3月8日

マンガ「内気なジョニー」(多田由美)

短編集。ダウナー系の主人公多数。
インコが死んで仕事休むか?
マンガ相手に真面目にツッコんでもしょうがないから
ツッコミはこれくらいに。
ダウナー系のナヨっとした男が好きな人とか、
このマンガ、お気に入りだろうなぁ。
ちょっとトンがった男の子も出てくる。
ナイフを人に向けちゃう男の子。
後期の岡崎京子、初期の魚喃キリコ、楠本まき。
この人たちのマンガに出てくる子の延長って感じの
かっこいい男の子。
マンガってその読後感で、自分の感情がわかる、
バロメータ的な性質を持ってると思う。
このマンガも、子離れできない母親とか、
登場人物の自己中心的なイラついたり、
社交的でない主人公に自分を重ねて、
自分の感情をさらにふさぎ込めてしまったり、
バロメータ的な役割を果たすと思う。
わがままな登場人物が多い。
作中は自己愛、ディスコミュニケーションがいっぱい。

3月4日

マンガ「黄色い本」(高野文子)

この人の本をセレクションで書くのは難しい。
明確なストーリーが無い話をたくさん書いてるから。
この本もそう。
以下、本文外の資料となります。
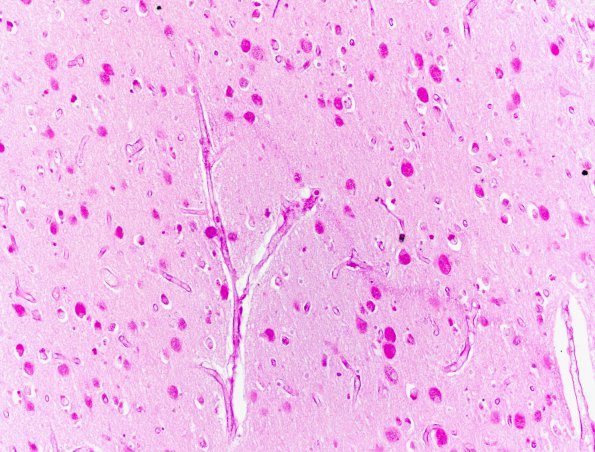 4A Mucopolysaccharidosis (Hurler, Case 4) H&E (vs PAS) 1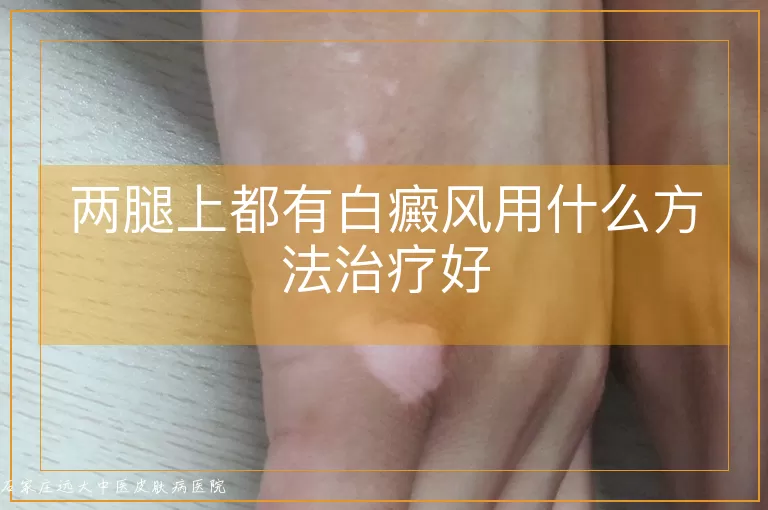 两腿上都有白癜风用什么方法治疗好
「チボー家の人々」にのめり込んでる少女の話だが、
彼女の周りの現実世界と、彼女の頭の中の世界を
交差させて描くから、正直、読んでて神経を使う。
主人公の女の子、実地子が、「チボー家の人々」の世界に
自分もいるかのように陶酔している感じがよく出てる。
熱く燃えている主人公に触発されて、熱くなることが私もある。
でも、こういうの、傍から見ると不思議ちゃんに見えるんだろうなぁ。
高野文子が好きな人は、この新刊も買ってもいいと思う。
頭がグルグルするような、この人の作品が持つパワーは健在。
ただ、全p152で800円だから、割高な感じはあるけど。

3月2日

マンガ「AQラヴァーズ」(耕野裕子)

私が知る限り、耕野裕子の最も新しい作品。
画が少し上手く(スタイリッシュに)なったと思う。
男の子が楠本まきのような
90年代的なかっこいい男になってる。
目の感じは相変わらずだけど。
岡崎京子も何描いても岡崎京子だし、
目は特にマンガ家の命だから、
そうそう変わるもんでもないし。
ここは作品を紹介する場なのだが、
この人のマンガの魅力を紹介するのは難しい。
この人が描く心の機微が、私を含め
ある読者たちの波長と合っているから
この作家は支持されたんだと思うし。
話の設定が自然で感情移入しやすいのが多いと思う。
だからすんなり入って来るんだけど。
男の子がかっこよすぎないから、
男の私には自然に映る。
このマンガでは主人公がバンド活動をしてて、
他のマンガでは主人公が8ミリ撮ってたり
するんだけど、これが自然ではない読者も多いかな。
私の周りにはバンド組んでたり、映画撮ったりしてる
友達がいるんだけど。
(特に私の場合、友達の表舞台というかっこいいとこしか
見てないからそういう活動をかっこよく描かれているのに
まったく抵抗ないのだ)
不倫している主人公メイコに対し
「自分以外の人を愛している人を
相手にする不倫なんてやめなよ」と
接する男友達ワトの姿がいい。
この2人はくっつくんだけど、これは
くっつくという結末より、メイコは不倫相手を吹っ切り
どのようにワトと接近していくのかを
読んでいくマンガ。
このマンガを読んでワトの言葉にジンとしたなら、
作者が恋愛の中で言って欲しいと思ってる言葉と、
あなたがここで言って欲しいと思ってる言葉が
一致しているということ。
耕野裕子はそこで言って欲しい言葉を
主人公にきちんと言わせるから
読んでいてその展開にジンとしてしまうのだ。